Annunciando di essersi sentito meglio in pochi giorni, Trump ha anche alluso al fatto che ci siano “centinaia di migliaia” di dosi pronte. In realtà Regeneron ha comunicato di averne prodotte per circa 50mila pazienti, ma che potrebbe arrivare a sei volte tanto entro pochi mesi.

Sfruttando la visibilità ottenuta dopo il miglioramento delle condizioni di Trump, Regeneron ha fatto domanda alla FDA per ottenere un’autorizzazione di emergenza per il suo farmaco, in modo che possa essere impiegato più estesamente negli ospedali prima del termine dei test clinici.

Esperti e osservatori hanno però espresso il loro scetticismo su questa eventualità, perché il REGN-COV2 è in uno stato ancora iniziale di sperimentazione e un suo utilizzo su larga scala, e in condizioni che non possono essere controllate quanto in un test clinico, potrebbe rivelarsi più rischioso che utile, non conoscendo ancora tutti i potenziali effetti avversi del trattamento.
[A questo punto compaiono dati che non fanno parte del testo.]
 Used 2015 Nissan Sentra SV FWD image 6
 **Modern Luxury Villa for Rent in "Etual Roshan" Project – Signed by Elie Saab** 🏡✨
A oggi non ci sono inoltre elementi per dire con certezza se sia stato il REGN-COV2 a far migliorare le condizioni di Trump. Prima e durante il suo breve ricovero ha infatti ricevuto farmaci di diverso tipo, compreso il Remdesivir, un farmaco antivirale che viene somministrato per contrastare la replicazione del coronavirus nell’organismo. A Trump è stato anche somministrato il desametasone, un farmaco antinfiammatorio steroideo che ha dato risultati promettenti nei casi gravi di COVID-19, mentre ha mostrato meno efficacia nel ridurre i rischi di peggioramento nei pazienti con sintomi più lievi.

I medici che hanno seguito Trump hanno fornito informazioni piuttosto lacunose sia durante sia dopo il ricovero in ospedale, e non ci sono quindi dettagli per farsi un’idea più precisa sulla gravità dei sintomi avuti e sulla convalescenza. Anche in presenza di queste informazioni sarebbe comunque difficile stabilire se i miglioramenti siano stati determinati dagli anticorpi monoclonali di Regeneron o meno: proprio per questo si conducono i test clinici e sono previsti protocolli per l’approvazione dei nuovi farmaci.